Implementing part of last week's emergency legislation to shore up the financial industry, the Fed said today it will begin paying interest on the cash reserves banks hold at the central bank. The step should give Fed officials greater power to inject cash into banks without interfering with their benchmark interest rate, which stands at 2 percent.

Bernanke Speech

Fed Chairman Ben S. Bernanke's speech on the economic outlook tomorrow in Washington should give an indication of whether U.S. central bankers are prepared to cut the main rate before the next meeting Oct. 28-29, Rupkey said.

As part of today's steps, the Fed will increase its auctions under the 28-day and 84-day Term Auction Facility operations to $150 billion each. The two forward TAF auctions in November will be increased to $150 billion each, the Fed said.

Money market rates are climbing worldwide on concern the deepening credit crisis will cause more financial firms to collapse. Three-month Libor climbed to 4.29 percent today, the biggest premium over the Fed's benchmark since the central bank began using a target for the overnight federal funds rate between banks as its main tool around 1990.

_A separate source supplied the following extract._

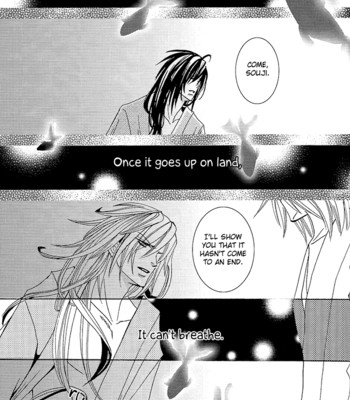 [http:404 (re:)] kimi wa kimi, boku wa boku de, aru tame ni. ～that word is love～ 017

In Europe, governments rushed to shore up their faltering banks as the credit crunch worsened there. BNP Paribas SA agreed to buy Fortis's units in Belgium and Luxembourg for 14.5 billion euros ($19.8 billion) after a government rescue failed, while the German state and financial institutions put together a 50 billion euro rescue package for Hypo Real Estate Holding AG.

International Effort

President George W. Bush's working group on financial markets, a body that includes the Fed, Treasury, Securities and Exchange Commission and Commodity Futures Trading Commission, said today it's working with ``market participants and regulators globally to address the current challenges to restore confidence and stability to financial markets.''

The working group statement comes four days before a gathering of central bankers and finance ministers from the Group of Seven major nations in Washington.

The Fed gained the authority to pay interest on commercial bank reserves under the $700 billion financial-rescue legislation approved last week. The Treasury will purchase distressed assets from financial companies under the plan.

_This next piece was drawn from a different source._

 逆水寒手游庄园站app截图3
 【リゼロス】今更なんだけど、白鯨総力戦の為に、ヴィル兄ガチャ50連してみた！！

To finance the Treasury's new plans, officials are considering changes to federal government debt sales, including a reintroduction of three-year notes. Any changes will be released at the Treasury's Nov. 5 quarterly announcement on sales of long-term debt.

Treasury Issuance

The Treasury also said that some of its cash-management bills may be ``longer-dated.'' The expansion in issuance is needed to ``allow Treasury to adequately respond to the near- term increase in borrowing requirements,'' the department said. Treasury officials last month also started a special program of bill auctions to help the Fed expand its balance sheet.

Fed payments on required reserves will be made at the average targeted federal funds rate established by the Federal Open Market Committee over each so-called reserve maintenance period less 10 basis points.

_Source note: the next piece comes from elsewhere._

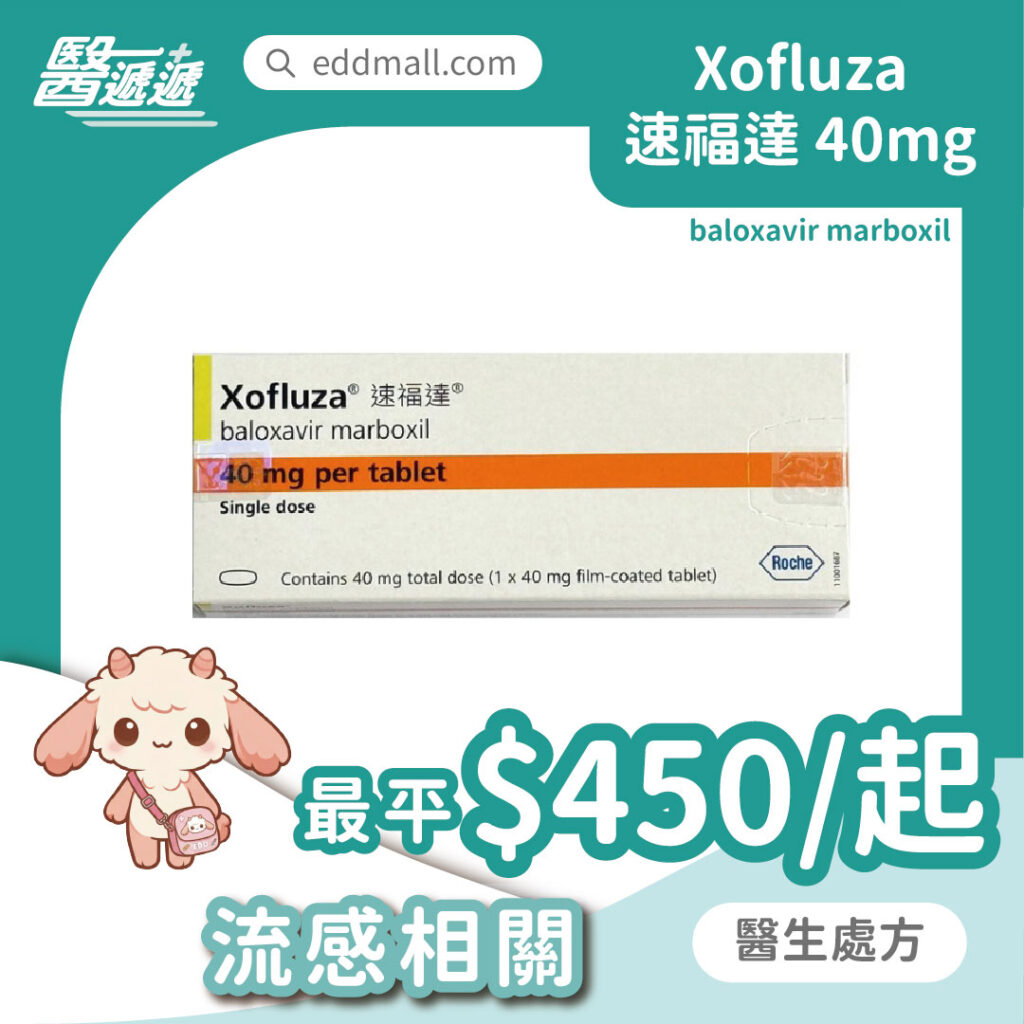 Xofluza 速福達 40mg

In addition to the cash banks must hold at the Fed, lenders also sometimes place excess reserves. The central bank said today it will pay interest on those funds at the lowest targeted federal funds rate for each period less 75 basis points. That will put a floor under the actual fed funds rate each day and let the Fed `expand its balance sheet as necessary to provide the liquidity necessary to support financial stability.''

Managing Rates

The Fed created the TAF auctions of cash to commercial banks in December, and has continually expanded the program since then. To prevent a surfeit of funds in the system from pushing the actual overnight interbank lending rate below the Fed's target, the central bank withdraws liquidity through repurchase operations.

As the Fed pumped cash through the TAF and other programs at record levels last month, the New York Fed had difficulty controlling the daily federal funds rate. While the target is 2 percent, the effective rate was below that level every day from Sept. 19 to Sept. 29.